My brother works at starbucks, studies at starbucks, socializes at starbucks, and dates women from starbucks. I never really understood why he always went to starbucks or to so many coffeeshops almost every single day. I guess you got to get your coffee and get out of the house, but I never really understood or noticed this term that I shall coin as "cafe culture". It really is a culture or a scene in itself as much as a school club is or as much as going to the gym is. It may seem obvious but it really is not. This cafe culture just revolutionized in my head today as I got picked up by a woman. Whether she was a lesbian trying to start something with me or just a lonely friend who wanted to make her day interesting, I'm really not sure. But she obviously came to starbucks with a goal in mind other than to get a drink. I did as well. I was trying to pick up one of the baristas, but unfortunately he wasn't working today. I just realized how crazy it is that our society has become this sad to where we have other objectives in mind when we go to a place to eat/drink non-alcoholic beverages. I understand picking people up or making friends at a bar/club. But for some reason, a coffee shop just seems almost in direct comparison to the level that online dating would. To me, it is quite sad and desperate. It is apparent that no one has shame in this cafe culture, and of course, regulars will date regulars (which includes employees).

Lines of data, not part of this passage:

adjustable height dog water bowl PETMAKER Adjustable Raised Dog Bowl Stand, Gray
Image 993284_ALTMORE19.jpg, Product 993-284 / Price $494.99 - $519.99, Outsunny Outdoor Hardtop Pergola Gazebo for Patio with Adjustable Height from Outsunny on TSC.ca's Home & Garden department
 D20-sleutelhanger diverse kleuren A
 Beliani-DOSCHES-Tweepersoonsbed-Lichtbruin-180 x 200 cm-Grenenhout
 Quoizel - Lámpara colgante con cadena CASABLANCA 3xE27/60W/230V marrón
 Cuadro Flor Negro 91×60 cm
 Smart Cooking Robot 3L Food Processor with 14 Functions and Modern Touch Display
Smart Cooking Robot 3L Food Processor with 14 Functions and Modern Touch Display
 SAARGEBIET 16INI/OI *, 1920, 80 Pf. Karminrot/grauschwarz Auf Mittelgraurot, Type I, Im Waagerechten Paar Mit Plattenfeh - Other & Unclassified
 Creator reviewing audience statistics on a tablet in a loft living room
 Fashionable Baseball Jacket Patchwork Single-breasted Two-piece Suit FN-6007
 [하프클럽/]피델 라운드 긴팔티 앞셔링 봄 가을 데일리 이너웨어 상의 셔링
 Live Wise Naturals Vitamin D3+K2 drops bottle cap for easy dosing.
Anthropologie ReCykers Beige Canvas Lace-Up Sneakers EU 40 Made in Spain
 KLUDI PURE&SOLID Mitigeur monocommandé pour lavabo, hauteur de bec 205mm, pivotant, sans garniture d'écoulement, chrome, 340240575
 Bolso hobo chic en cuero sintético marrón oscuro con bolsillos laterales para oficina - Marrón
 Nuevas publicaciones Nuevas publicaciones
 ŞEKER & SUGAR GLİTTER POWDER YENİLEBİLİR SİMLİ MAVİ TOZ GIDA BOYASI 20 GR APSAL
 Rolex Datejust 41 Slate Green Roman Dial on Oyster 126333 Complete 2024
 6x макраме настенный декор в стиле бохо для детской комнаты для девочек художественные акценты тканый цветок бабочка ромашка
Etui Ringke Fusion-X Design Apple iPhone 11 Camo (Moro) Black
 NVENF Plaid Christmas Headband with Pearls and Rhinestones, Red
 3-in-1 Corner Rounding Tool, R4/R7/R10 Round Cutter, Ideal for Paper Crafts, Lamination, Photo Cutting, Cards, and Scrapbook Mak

But the problem with today was that, I wasn't a regular at this starbucks. And a regular tried to force upon me an interaction that you really should save to when I become the level of a regular. Thus, she scared me and I ran away. Hahaha. Who the fuck are you anyway? I don't want to go shopping with you when I don't even know you're name. Just let me put sugar into my cup of jo' please, and maybe I'll actually come back to this same starbucks next time. I'm not even part of this cafe culture and I already know she has broken a rule.
This has made me ponder about other environments in which I never realized there was an evident "culture" to begin with. Another one would have to be yet one more term I shall coin, "Craigslist Culture". And you can specialize this type of culture into various categories of cultures with the system that craigslist gives you. One that I was in was what I will call the "buying and selling of furniture culture". For several summers in New York City, I had an addiction to taking in used furniture off the street and reselling them for my own profit off of craigslist. I made quite an amount being a trashpicker-upper. It was ridiculous to see the lengths that people would go to just buy something they could buy brand new at a store not far from them for almost the same price. I sold a disgustingly used dart-board (which came with no darts) that I listed for $3 to a man who drove his car to my apartment just to pick it up. I literally threw the board through his passenger side window and he threw me the three bucks. Of course that seems desperate on my end, but really , we both knew that we were both just bored and curious. On my end, I was curious to see who would really buy this piece of junk and waste their time trekking over to some stranger's place to get it. On his spectrum, I'm guessing, he wanted to know who is selling this piece of junk, what they look like, and it would be a story he could use when he has company over using his dart board as they drink martinis. I could only assume martinis because he was driving a lexus...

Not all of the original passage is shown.